- **Data extracts**:

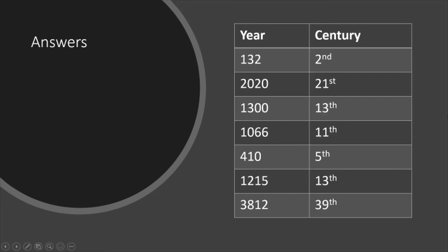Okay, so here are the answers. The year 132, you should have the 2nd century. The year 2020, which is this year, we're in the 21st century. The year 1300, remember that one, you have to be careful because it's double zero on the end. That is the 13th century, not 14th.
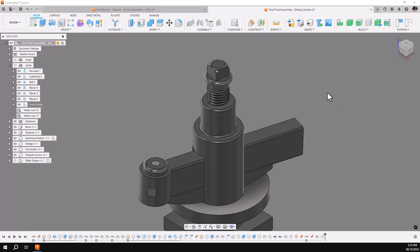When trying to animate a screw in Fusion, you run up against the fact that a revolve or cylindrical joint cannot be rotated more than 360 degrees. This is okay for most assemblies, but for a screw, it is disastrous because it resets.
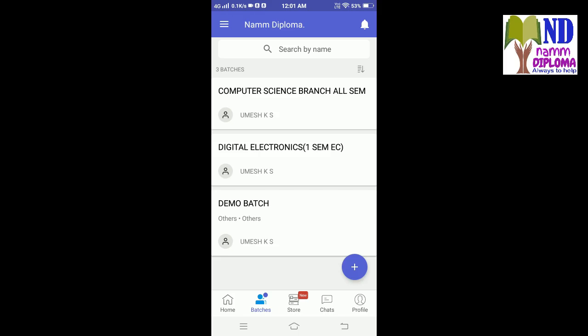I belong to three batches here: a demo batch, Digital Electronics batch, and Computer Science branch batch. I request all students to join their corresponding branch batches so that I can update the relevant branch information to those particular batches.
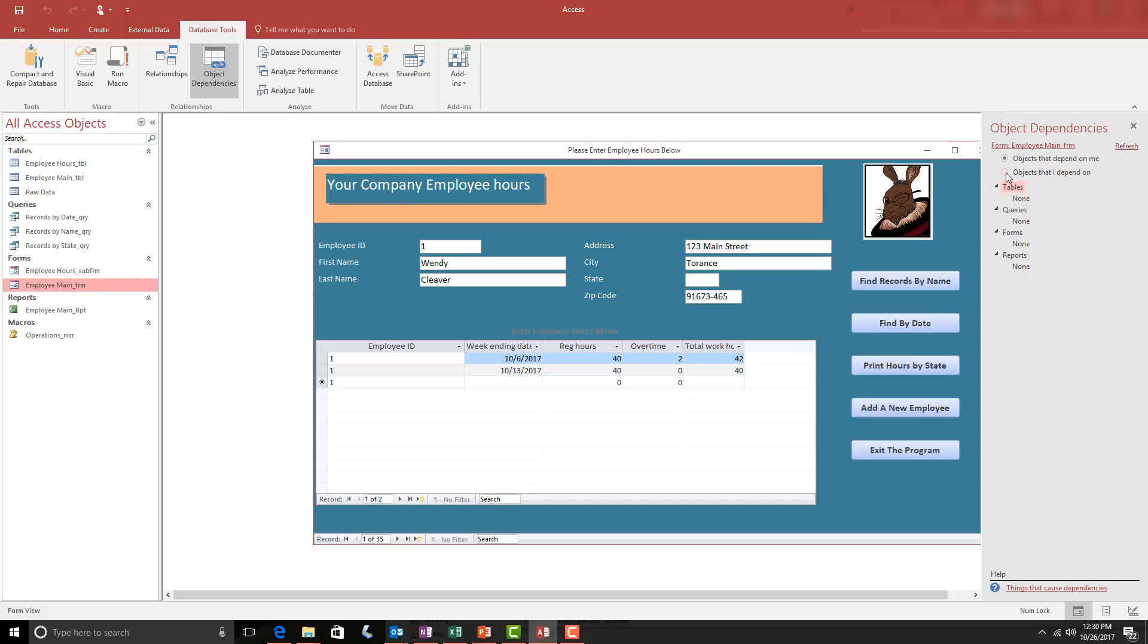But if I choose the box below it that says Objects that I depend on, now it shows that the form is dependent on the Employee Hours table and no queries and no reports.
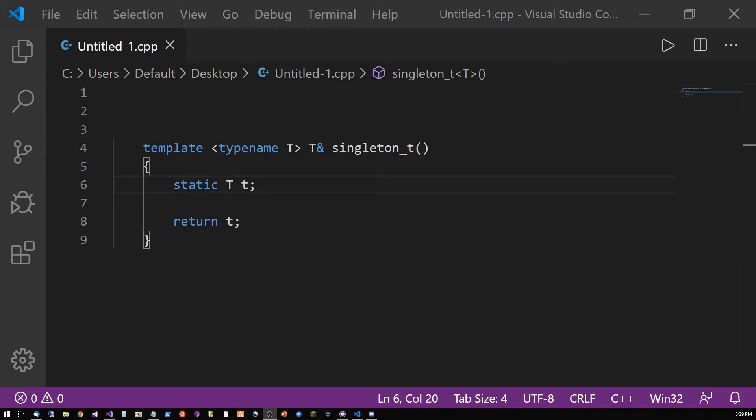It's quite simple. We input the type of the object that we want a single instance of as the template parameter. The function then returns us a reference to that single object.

- **Assignment**: Give the entries back verbatim and omit the images.

- **Solution to this task**:
Okay, so here are the answers. The year 132, you should have the 2nd century. The year 2020, which is this year, we're in the 21st century. The year 1300, remember that one, you have to be careful because it's double zero on the end. That is the 13th century, not 14th.
When trying to animate a screw in Fusion, you run up against the fact that a revolve or cylindrical joint cannot be rotated more than 360 degrees. This is okay for most assemblies, but for a screw, it is disastrous because it resets.
I belong to three batches here: a demo batch, Digital Electronics batch, and Computer Science branch batch. I request all students to join their corresponding branch batches so that I can update the relevant branch information to those particular batches.
But if I choose the box below it that says Objects that I depend on, now it shows that the form is dependent on the Employee Hours table and no queries and no reports.
It's quite simple. We input the type of the object that we want a single instance of as the template parameter. The function then returns us a reference to that single object.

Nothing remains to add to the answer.